A manifestação do magistrado ocorreu por meio de sua conta na rede social X, o antigo Twitter. Em meio aos debates sobre projetos com potencial de impacto bilionário nas contas públicas em tramitação no Congresso Nacional.
Confira a manifestação do ministro:
CONTEXTO DA FALA
O decano do STF se manifesta em um momento de articulação do governo federal para conter o avanço das chamadas "pautas-bomba". No jargão político e econômico brasileiro, o termo "pauta-bomba" é usado para um conjunto de projetos de lei (PL's), propostas de emenda à Constituição (PECs) ou medidas que geram um impacto financeiro altamente negativo e imprevisto nas contas públicas.
Com os recentes avanços na CCJ (Comissão de Constituição e Justiça do Senado), o Bahia Notícias mostrou que a PEC 14/2021, que concede aposentadoria integral e com paridade a agentes comunitários de saúde e de combate a endemias a de servidores públicos, é vista como pauta-bomba para o governo Lula.
O próprio ministro da Fazenda, Dario Durigan, teve uma reunião com o presidente do Senado, Davi Alcolumbre (União), na residência oficial da Presidência do Senado, para tentar conter projetos que, segundo estimativas da equipe econômica, podem gerar um impacto de R$ 276 bilhões.

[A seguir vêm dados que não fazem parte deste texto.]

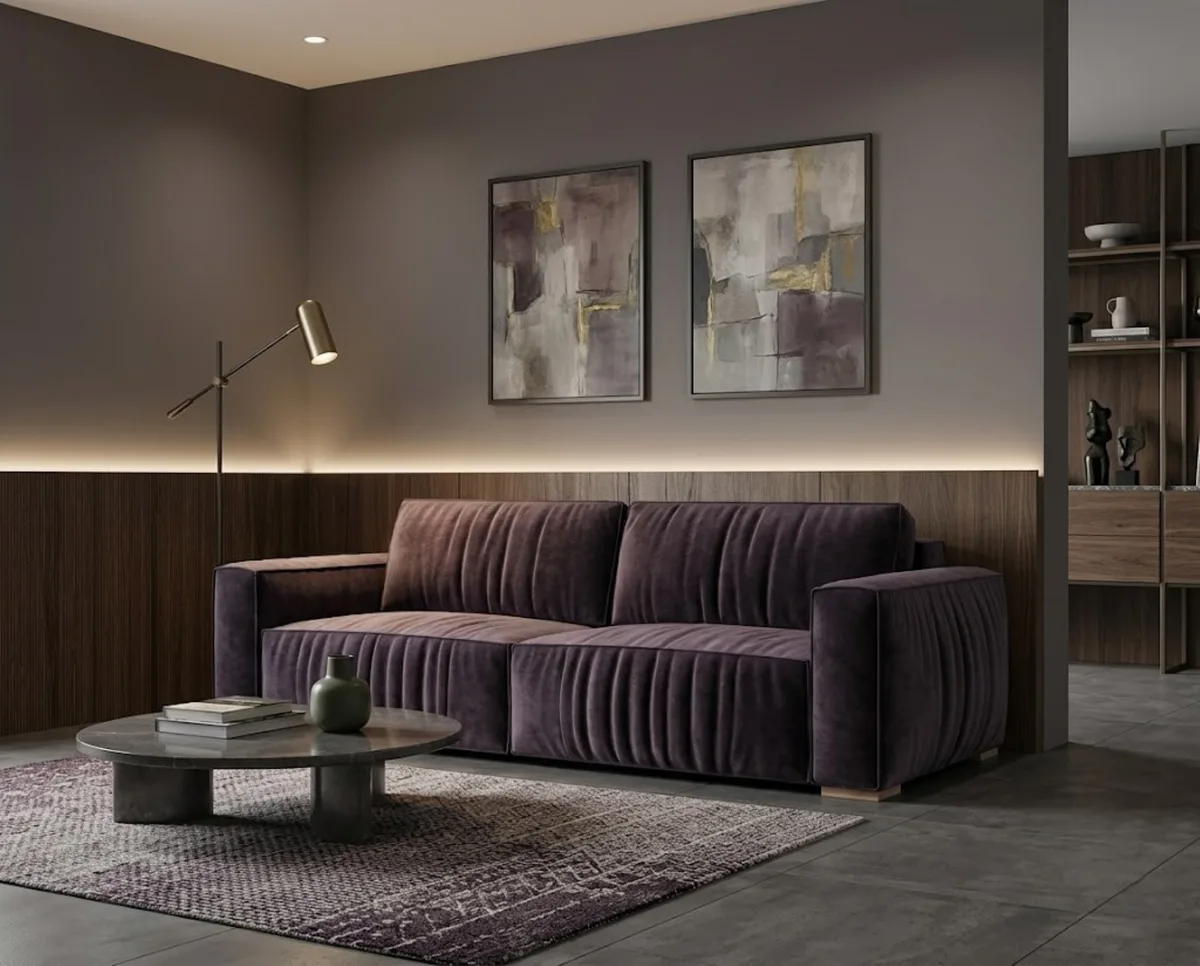 Прямой диван Борген с подлокотниками и подушками. Материал: Velutto 19 (велюр) Диван прямой Борген с подлокотниками и подушками. Материал: велюр - Velutto 19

Sem citar propostas específicas em análise pelos parlamentares, Gilmar Mendes ressaltou que a Constituição Federal exige a apresentação prévia de estimativas de impacto orçamentário e financeiro para qualquer projeto que estabeleça despesas obrigatórias ou benefícios fiscais.
A PEC 14/2021, que segue agora para o plenário do Senado com pedido de calendário especial de tramitação formulado pelo presidente da CCJ, o baiano Otto Alencar (PSD), estabelece que a aposentadoria integral por idade para a categoria será de 57 anos para mulheres e 60 anos para homens, exigindo-se 25 anos de contribuição e de atividade na área.
O texto aprovado cria uma regra de transição escalonada até 2041 para os profissionais que já estão em atividade na data de promulgação da futura emenda. De acordo com o ministro, a aprovação de gastos sem a devida indicação de custos e fontes de custeio abre margem para a invalidação das normas pelo STF.
"Ou seja, o Congresso precisa demonstrar quanto custa e de onde sai o dinheiro previamente à aprovação de novos gastos. O STF possui jurisprudência pacífica sobre o tema: a ausência desses estudos prévios gera a inconstitucionalidade da medida legislativa", alega o ministro.
Gilmar completou, relembrando a necessidade de blindar as contas públicas contra pressões políticas conjunturais. "É preciso, pois, ter responsabilidade fiscal e fidelidade à Constituição, evitando-se a criação de despesas casuísticas em inobservância às regras postas, o que pode gerar a invalidação da medida e, portanto, sua ineficácia", conclui.